Indian Economic Development:
Relationship to EDA Grants and Self-determination Contracting Is Mixed
GAO-04-847, Sep 8, 2004
American Indians and Alaska Natives generally face worse economic conditions than the rest of the U.S. population. The Economic Development Administration (EDA) within the Department of Commerce provides grants to distressed communities, including to American Indian tribes and Alaska Native entities, to generate employment and stimulate economic growth. Because data on how these EDA grants helped tribes was not publicly available, GAO analyzed all EDA grants made to Indian tribes from 1993-2002 and determined what economic development resulted.
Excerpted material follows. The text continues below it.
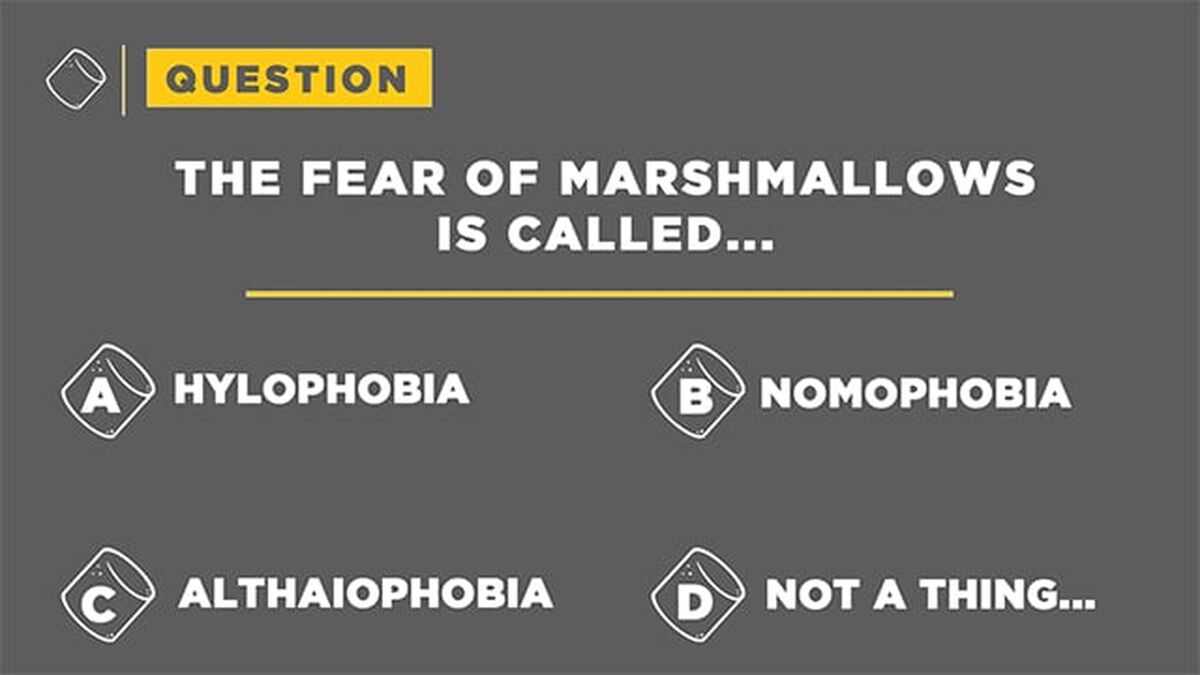 Marsh Madness - Marshmallow Trivia image number 6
Tribes also enter into self-governance and other contracting arrangements with two federal agencies--the Bureau of Indian Affairs (BIA) and the Indian Health Service--to assume the management of individual services, including law enforcement, education, social services, and road maintenance. GAO also analyzed the relationship between changes in tribes' economic profile and the extent to which they had self-governance or contracting arrangements to perform their own services. BIA and EDA provided comments on a draft of this report. BIA generally agreed with GAO's conclusions. EDA took issue with GAO's characterization of the relative success of EDA grant programs.
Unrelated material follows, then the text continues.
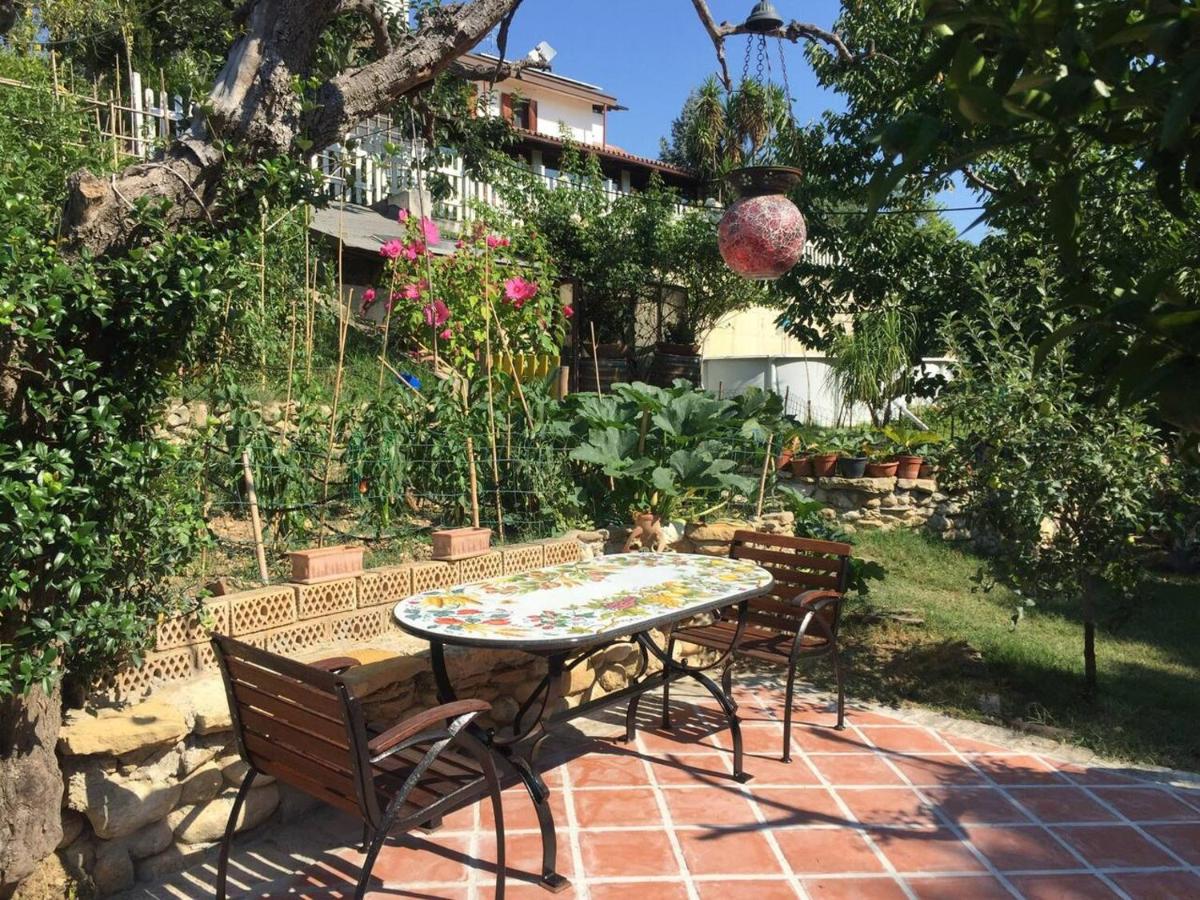 Elegant Villa in Treglio with Private Pool - Housity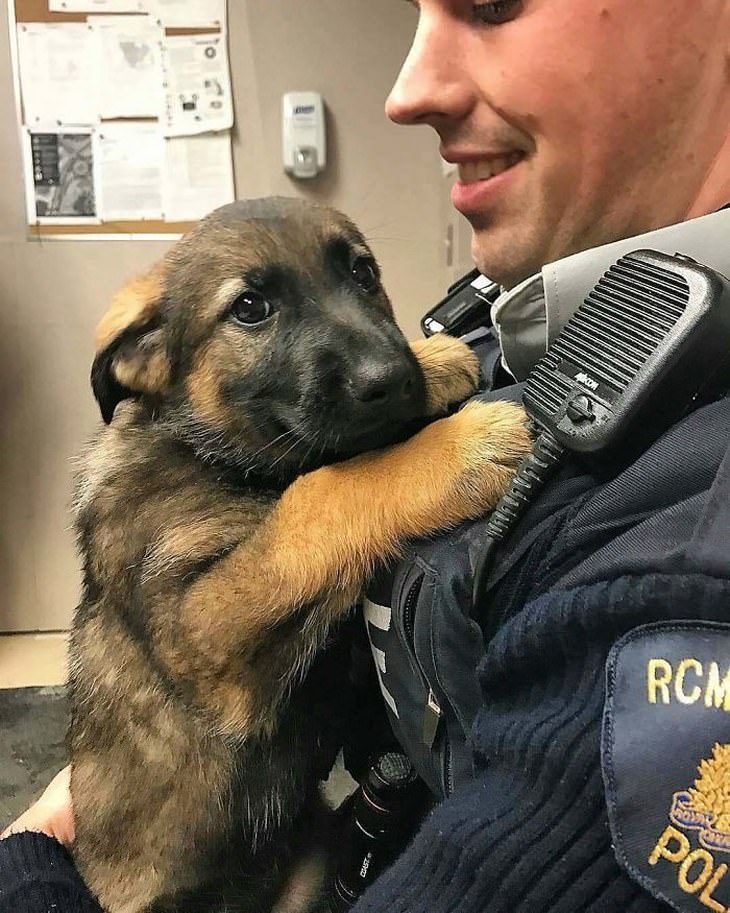 Cachorro Policía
Indian tribes have used EDA grants to create businesses, build roads and other infrastructure, and create economic development plans, but these grants have had mixed success in generating jobs, income, and private sector investment. From 1993 to 2002, 143 Indian tribes and tribal organizations received $112 million in EDA grants, but this represented a small portion of EDA's awards to all organizations. Of the total amount awarded to Indian tribes or Alaska Native entities, $54 million was used to fund 63 enterprise projects designed to create income and jobs. Of the 59 projects GAO collected data on, 25 had not yet begun operating, and 3 others had just been completed and no results were available. Of the 31 operational projects, tribal officials reported that about half were profitable or were covering their costs, and the remainder were being subsidized or had failed. Most had resulted in the creation of 10 or fewer jobs, and few had attracted private sector investment. EDA also provided $22 million in grants to tribes for infrastructure projects, such as roads and sewer systems, $30 million in grants to assist tribes with economic planning, and $5 million for loan funds and business development. Almost all of the 219 federally recognized tribes with available data had entered into either contracts or self-governance compacts to operate their own tribal programs and services. Based on GAO's analysis of U.S. Census Bureau data, tribes that had self-governance arrangements or were engaging in higher levels of contracting showed greater gains on average in employment levels from 1990 to 2000 compared with tribes that were contracting less. However, the change in per capita income or the percentage of tribal individuals with incomes above poverty levels over this period was not statistically different for self-governance or high-contracting tribes compared with low-contracting tribes.